◆ **YOUR GOAL**
Every record below needs to be written out exactly, apart from the pictures.

Top of RECORDS FOR THE EXERCISE

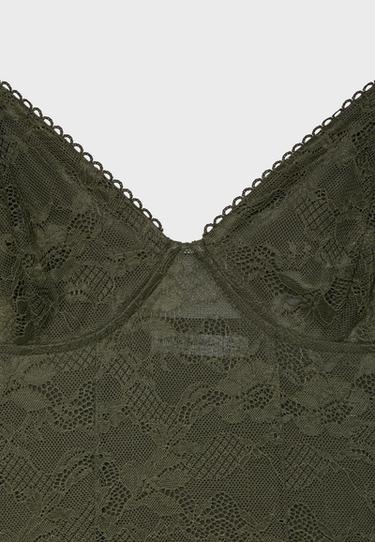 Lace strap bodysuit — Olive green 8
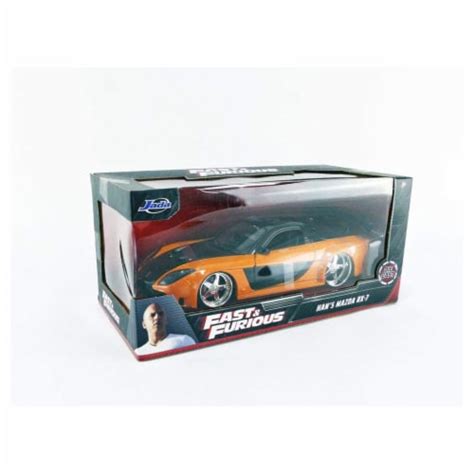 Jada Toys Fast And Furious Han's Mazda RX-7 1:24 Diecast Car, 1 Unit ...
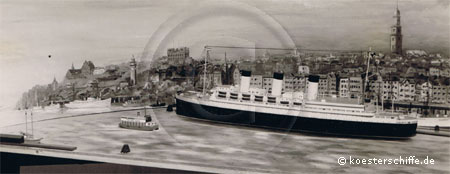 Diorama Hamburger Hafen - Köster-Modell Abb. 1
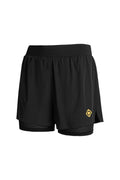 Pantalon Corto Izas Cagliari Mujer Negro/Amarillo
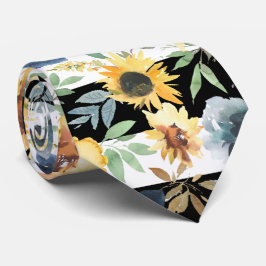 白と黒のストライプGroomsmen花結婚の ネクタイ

Bottom of RECORDS FOR THE EXERCISE

◆ **RESULT OF THE EXERCISE**
 Lace strap bodysuit — Olive green 8
 Jada Toys Fast And Furious Han's Mazda RX-7 1:24 Diecast Car, 1 Unit ...
 Diorama Hamburger Hafen - Köster-Modell Abb. 1
 Pantalon Corto Izas Cagliari Mujer Negro/Amarillo
 白と黒のストライプGroomsmen花結婚の ネクタイ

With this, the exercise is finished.